Schnech v. United States
249 U.S. 47; 39 S.Ct. 247; 63 L.Ed. 470 (1919)
The Facts in this case are these: Charles T. Schnech the general secretary of the Socialist Party was convicted of “causing and attempting to cause insubordination in the military and naval forces of the United States. In violation of the Espionage Act of 1917, the conviction stemmed from the Socialist Parties printing and distributing leaflets attracting American participation in World War I and urging young men to oppose the military draft. Three charges were as follows: 1. Conspiracy to violate the Espionage Act of 1917, 2. By causing and attempting to cause insubordination in the military forces of the United States, and 3. Obstructing the recruiting and enlistment service of the United States while the U.S. was at war.
The Issues in this case are these: Was Mr. Schnech’s First Amendment rights violated?

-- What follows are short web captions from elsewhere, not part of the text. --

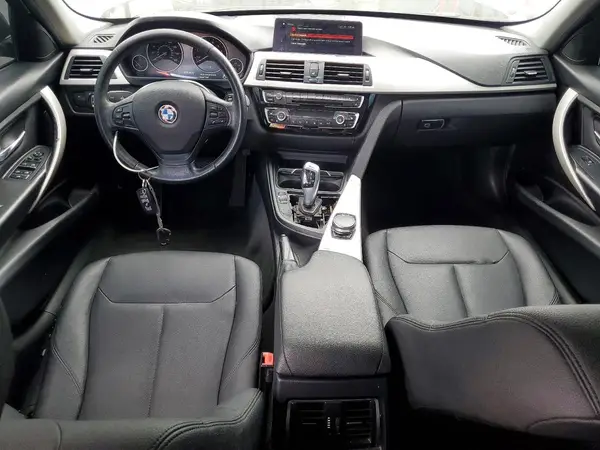 WBA8E1G59JNU92847 2018 BMW 3ER - Image 8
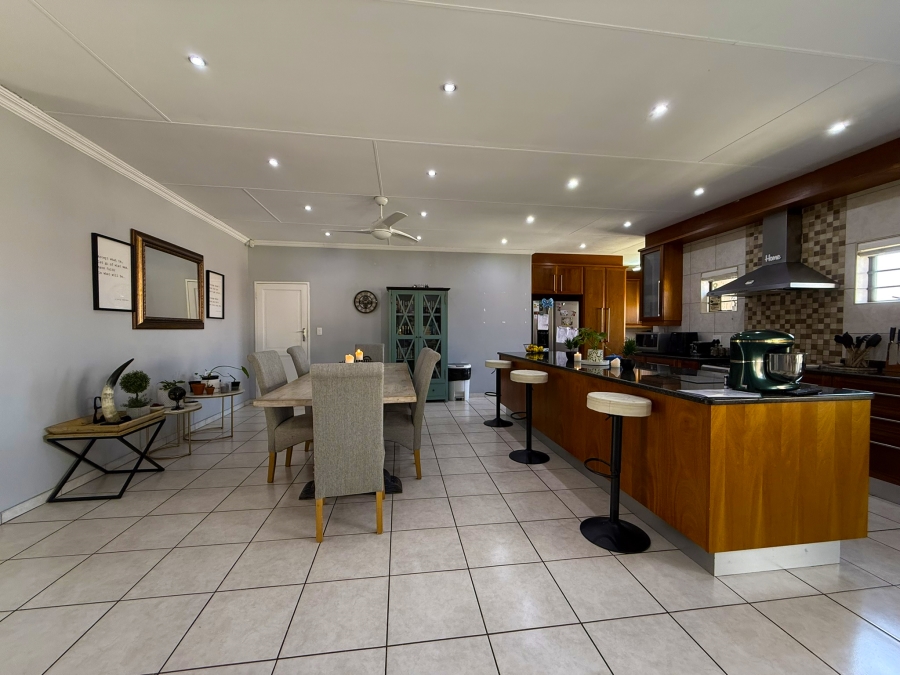 4 Bedroom Property for Sale in Baillie Park North West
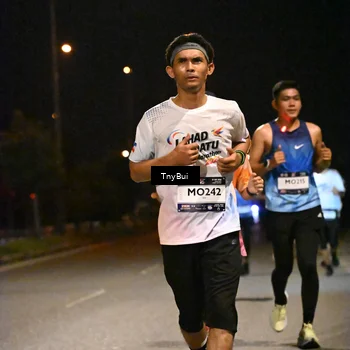 Runner Photo 7725065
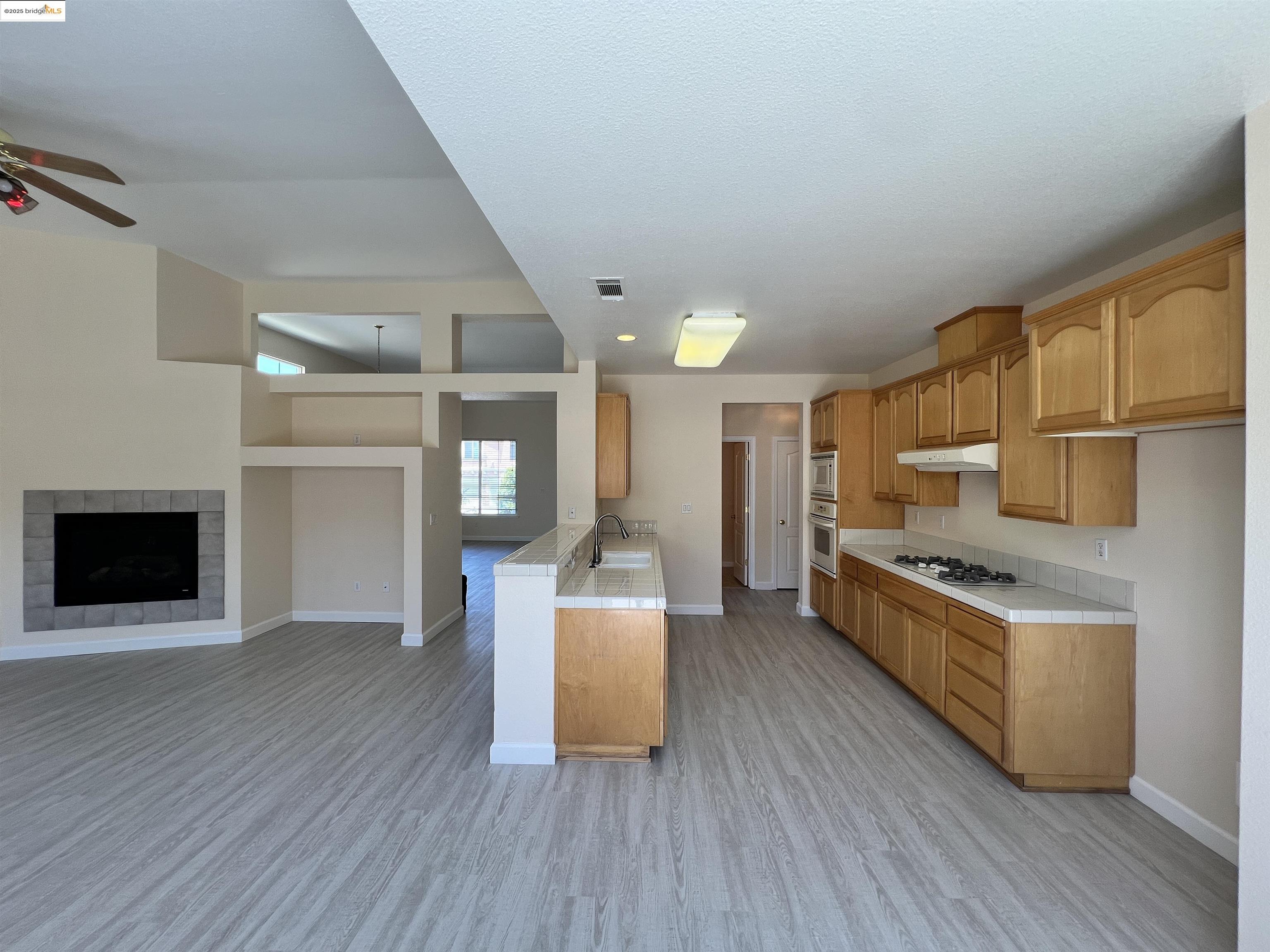 Detail Gallery Image 9 of 33 For 1371 Brooktrail Dr, Pittsburg,  CA 94565 - 6 Beds | 3/1 Baths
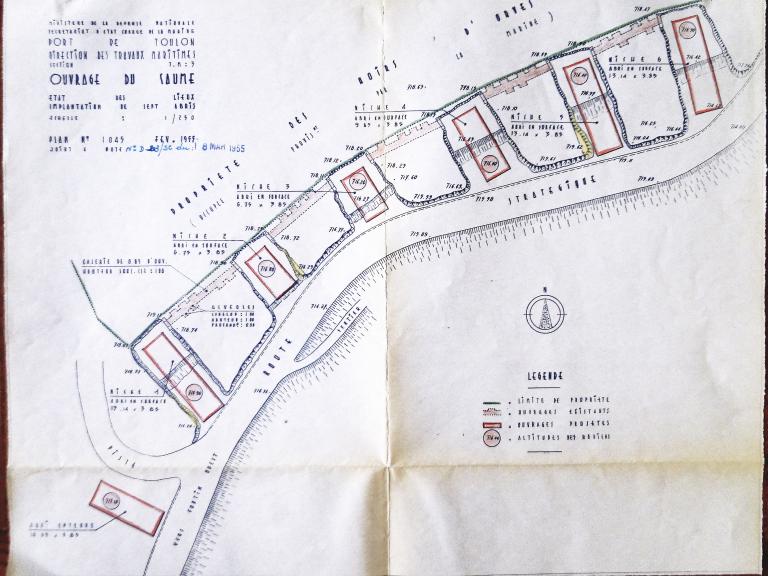 Ouvrage du Caume. Etat des lieux. Implantation de sept abris. [Plan du projet des abris de la batterie de DCA sur le site de l'ancienne batterie annexe ouest], mars 1955.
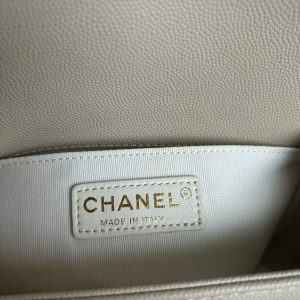 13344405419220859 BOY BAG SMALL 20 CREAM CAVIAR GOLD HARDWARE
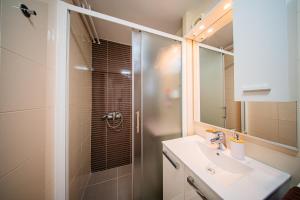 Flex SelfCheckIns 174 - Zagreb - 2 Bedrooms - Parking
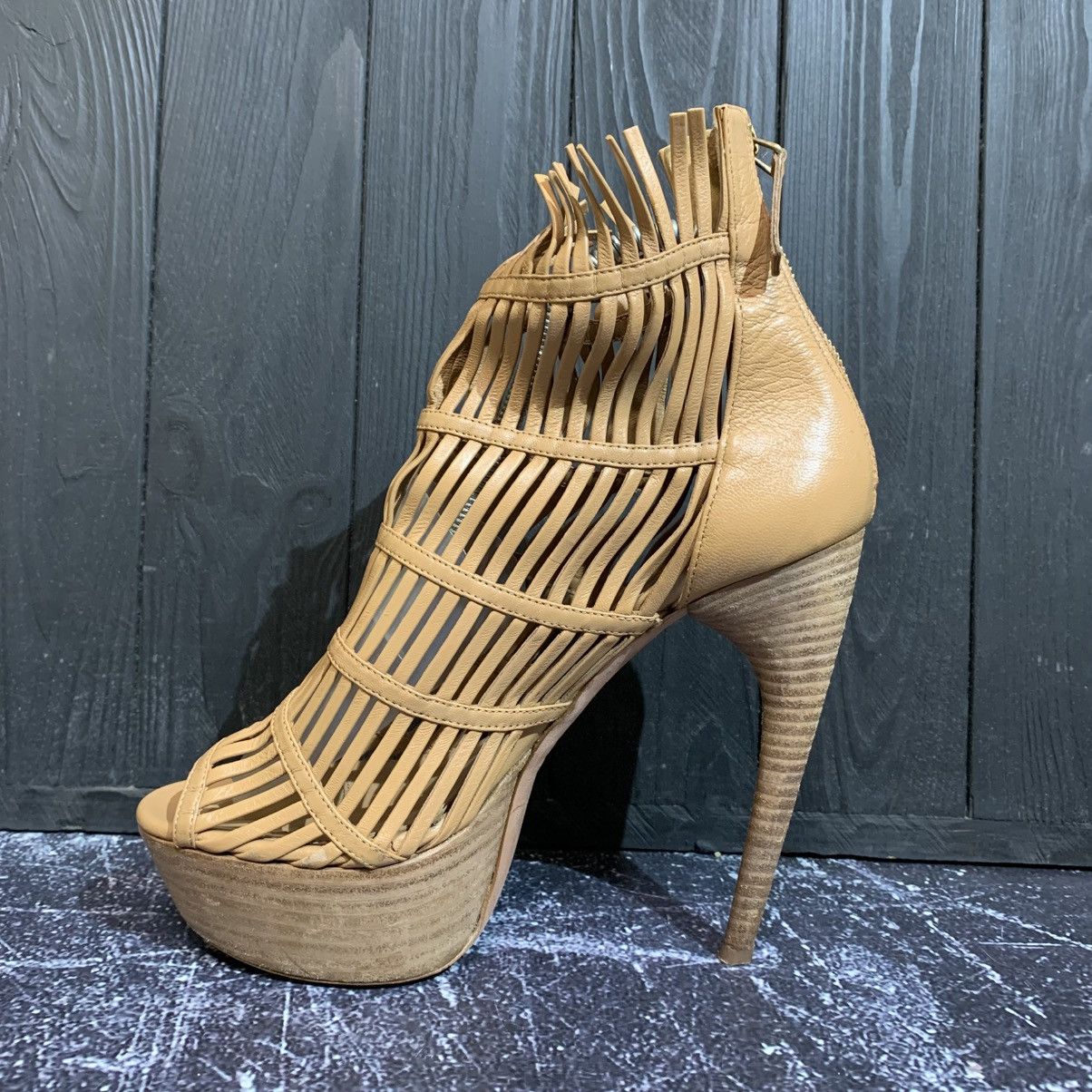 Alexander McQueen Alexander MaQueen Beige Leather Platform Cage Heels size 38 Size US 8 / IT 38 - 7 Thumbnail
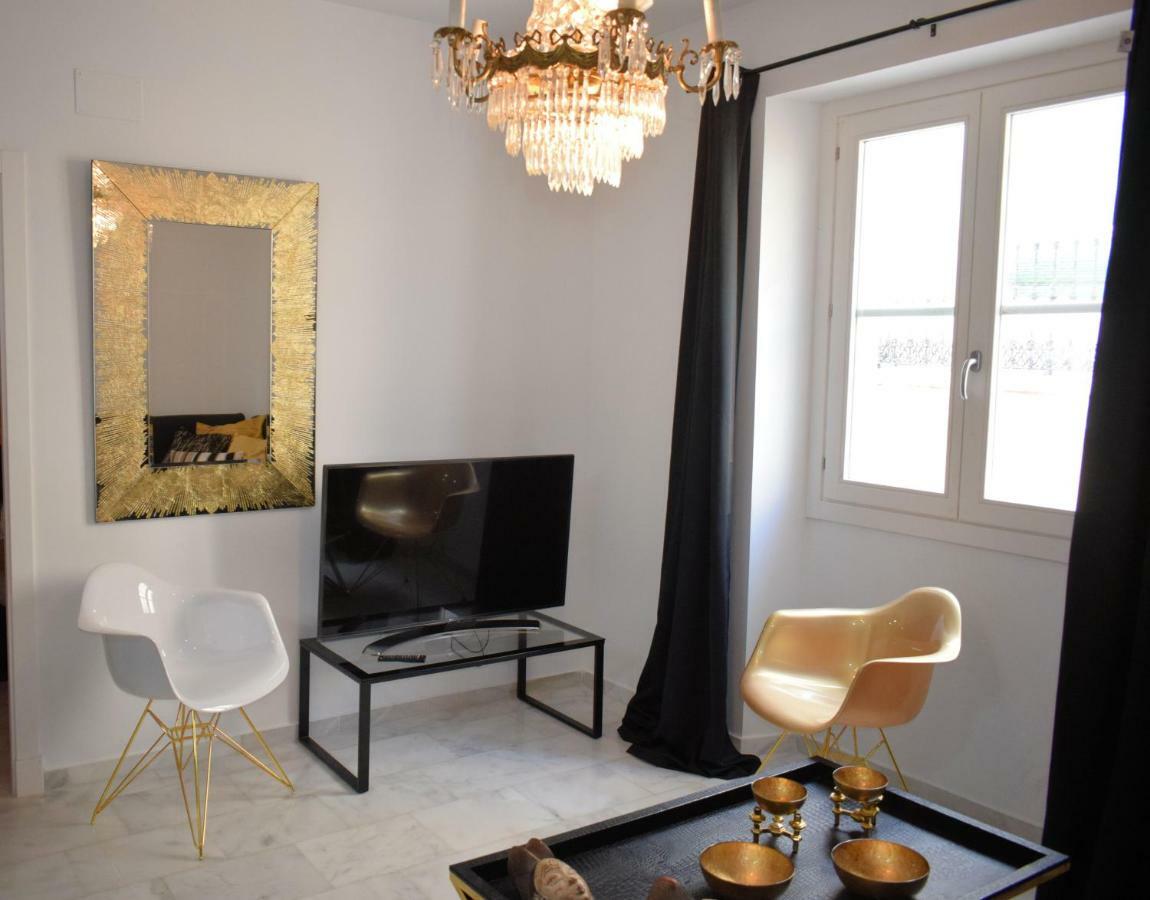 Апартаменты Apartamento Luxury Кадис Экстерьер фото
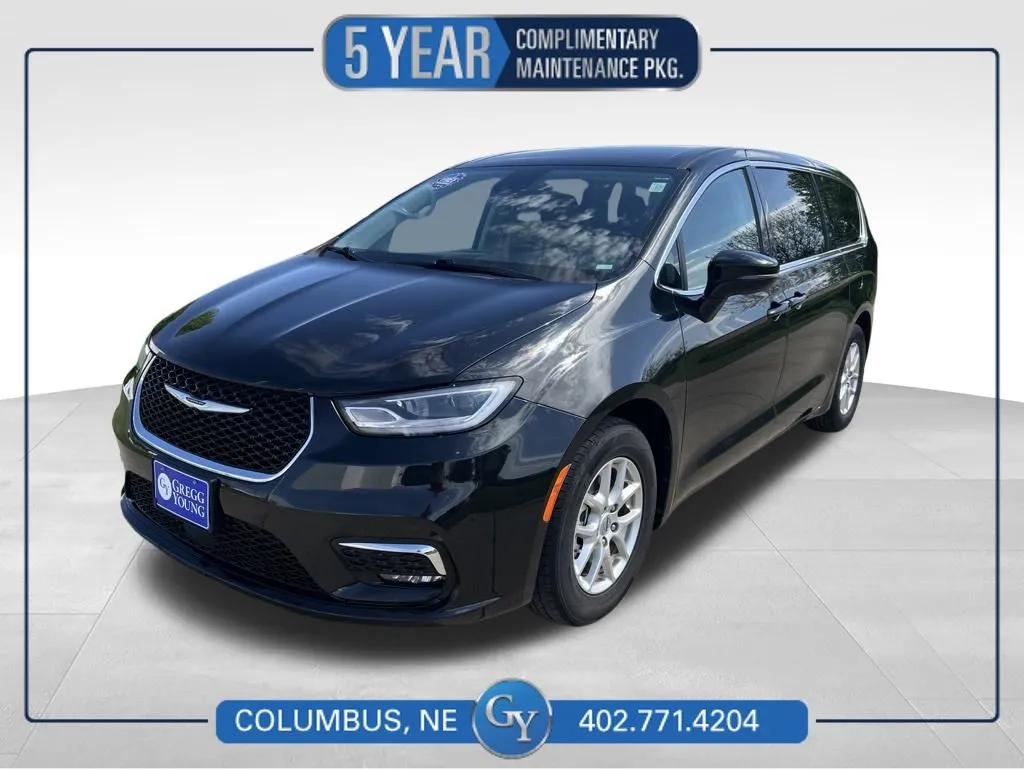 Black 2023 Chrysler Pacifica Touring L for sale in Columbus, NE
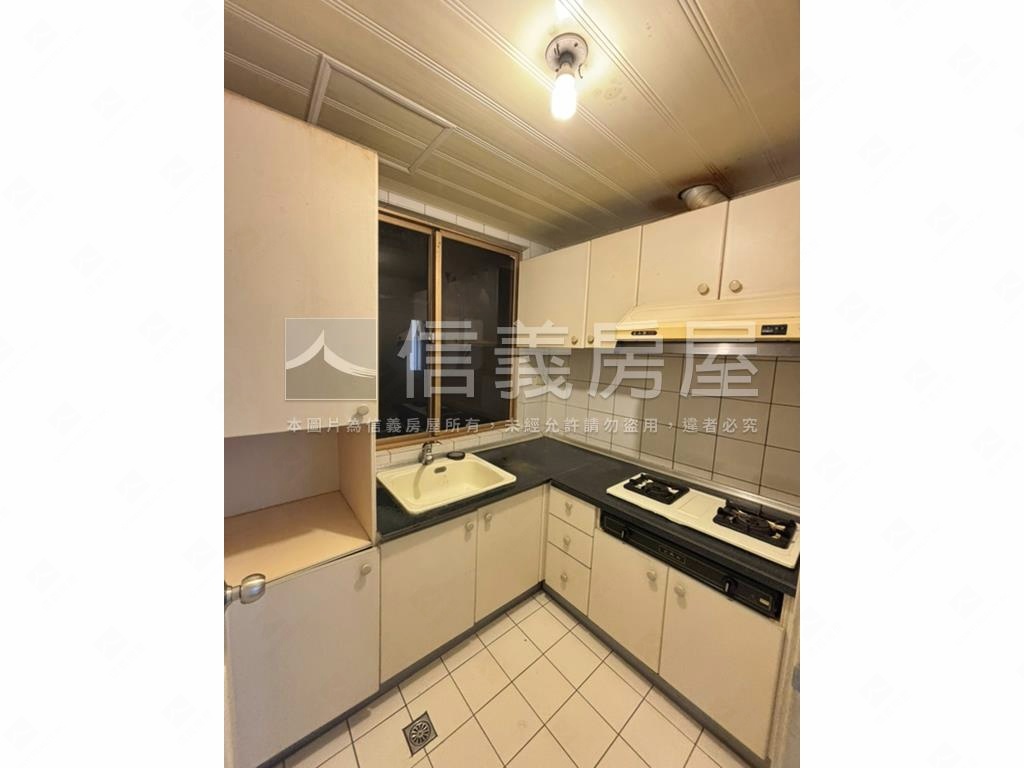 鶴馨居小資美三房房屋室內格局與周邊環境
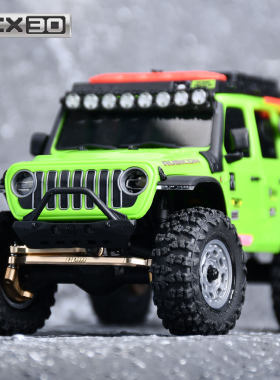 AxialSCX30桌面攀爬车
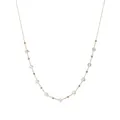 Dettaglio di una collana in acciaio inossidabile dorato con perline di zircone - Stile Accentuato con Perla Singola Chiara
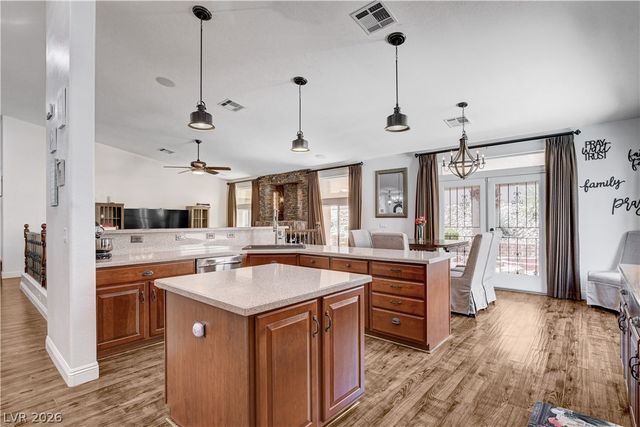 7651 Man O War Street, Las Vegas, NV 89131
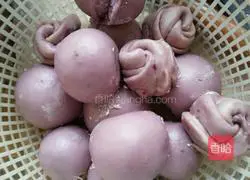 Illustration of how to make purple sweet potato buns 1
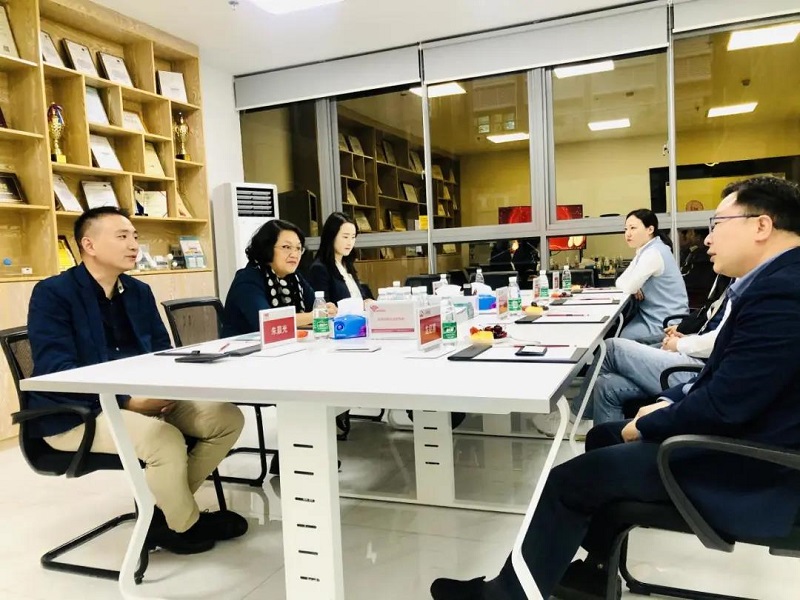 深圳擔保集團領導蒞臨指導工作，云里物里成績驕人備受肯定！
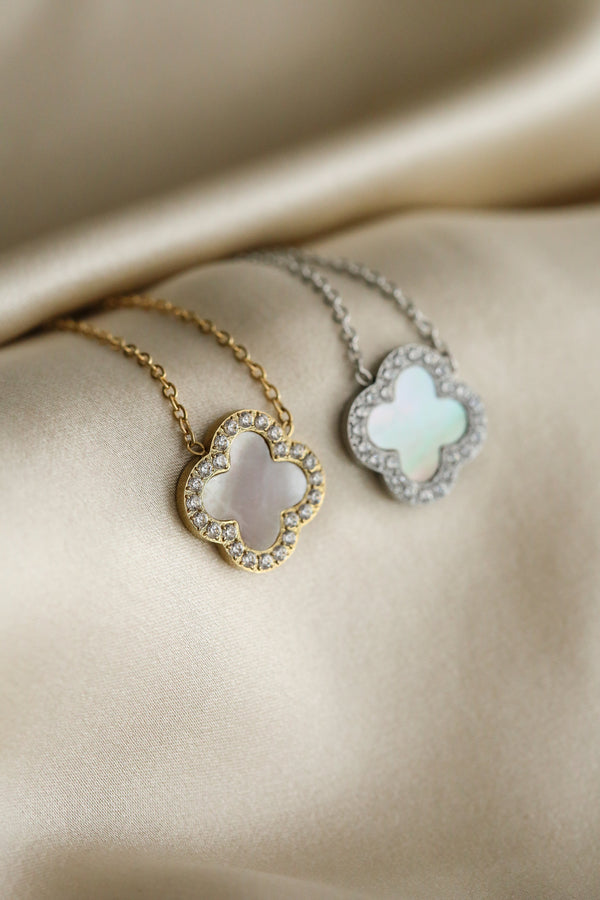 Jean Bracelet - Boutique Minimaliste has waterproof, durable, elegant and vintage inspired jewelry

The Holding in this case is as follows: by a vote of 9 to 0 the Court finds that the act of (speaking, or circulating a paper), the Court finds that Mr. Schnech in his actions did violate the Espionage Act of 1917, and that the conviction should be upheld.
Justice Holds opined for the 9 to 0 majority: He states “If seems to be admitted that if an actual obstruction of the recruiting service were proved, liability for the words that produced that effect right be enforced.” He goes on the say that the statute punished conspiracy to obstruct as well as actual the actual obstruction.” The Court finds that Mr. Schnech’s rights were not violated.
Significance: The court decides that Mr. Schnech’s obstruction of Recruiting, his actions in inspiring insubordination and the liability for his words were enough to convict.